Introduction/Posing Problem 
The teacher places a table that shows a first grade student runs 40m in 8 seconds and sixth grade student runs 100m in 16 seconds on the blackboard. At first, the teacher asks the students which one is faster. Students determine sixth grade student is faster. After that, the teacher poses following problem.
"We want to make this two students finish at the same time. The distance is 120m, and they start at the same time. How many meters ahead should the first grade student start?" (6:31)


Solving Problem/List answers 
After the teacher poses the problem, he has students work independently for 9 minutes. After the individual work, he asks students for their answers. The teacher lists these answers on the blackboard. (4:26)


Sharing/Find Time and Speed 
The teacher asks the student who gave 24m as an answer how to solve the problem. The student explains that she found the time that that a sixth grade student would need 96/5 sec to run 120 m, and also the speed of the first grade student. Then she calculated the speed of the first grader. Then she calculated the distance the first grader would run in 96/5 sec and subtracted that from 120m. (5:23)


Sharing/Reverse Arrow 
The teacher asks if they want to add anything. One student says she drew her arrow for the 1st grader going backwards from the end. (2:26)


Sharing/Proportional Relationships 
One student explains that she found the answer by using a proportional
distance and time for both the 1st and 6th graders. (6:10)


Sharing/Expand Distance 
The student says his idea was based on lengthening the distance of the 6th grade student. (2:28)

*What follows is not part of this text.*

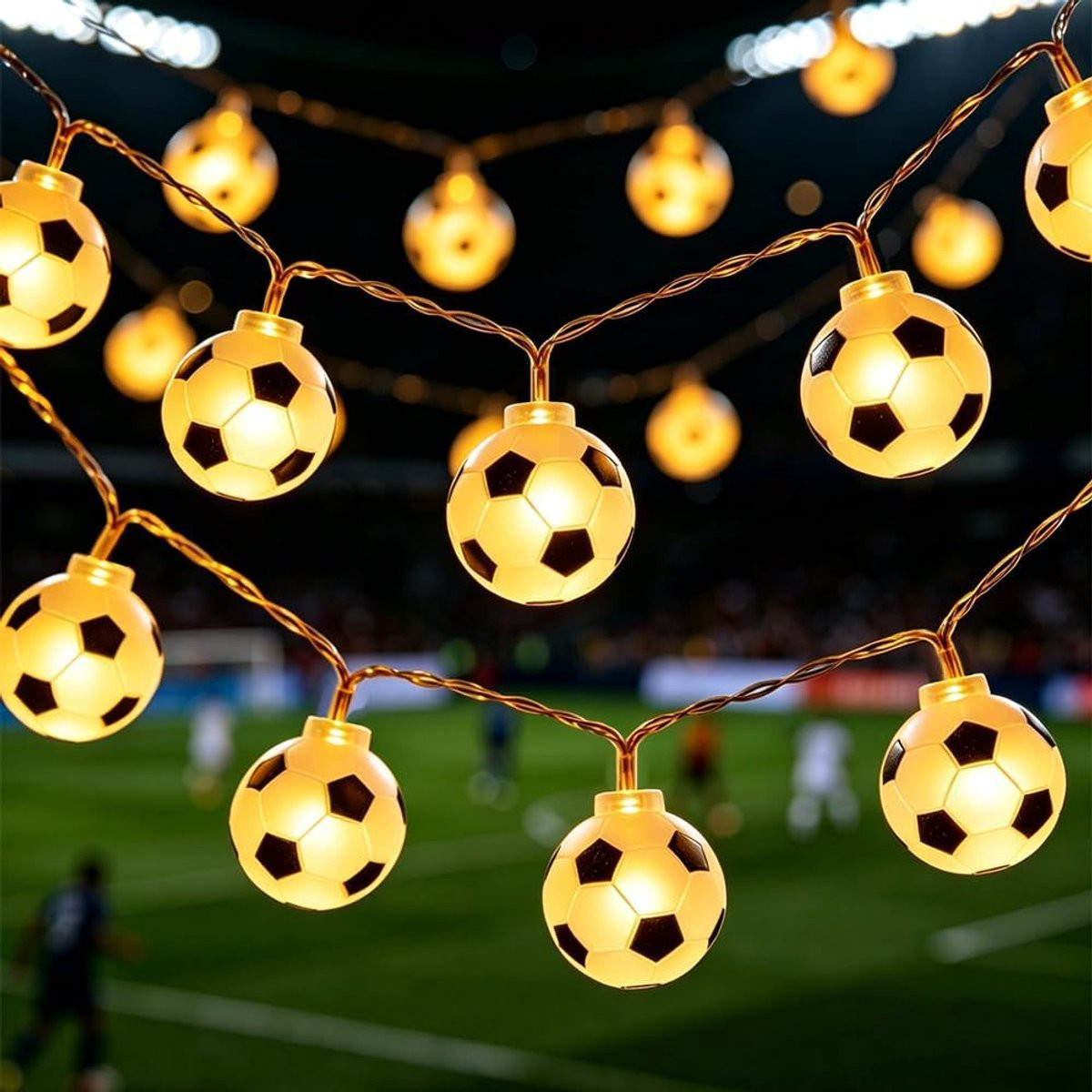 Voetbal lichtsnoer met 10 warm witte LED voetballen, 1,5m, op batterijen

Discussion/Is This Way Correct? 
The teacher and the students discuss if the approach of lengthening the 6th grader's distance would work.. (4:05)


Sharing/Calculate Time 
The teacher asks the students if they could verify whether the lengthening method would work or not. One student explains that he calculated the time of the 1st grader for 120m and of the 6th grader for 150m, and found they're same. (1:44)


Sharing/Speed Difference 
One student expresses his idea of finding the speed difference between the 6th and 1st graders, then multiply it by seconds to find the difference in the distances. (5:34)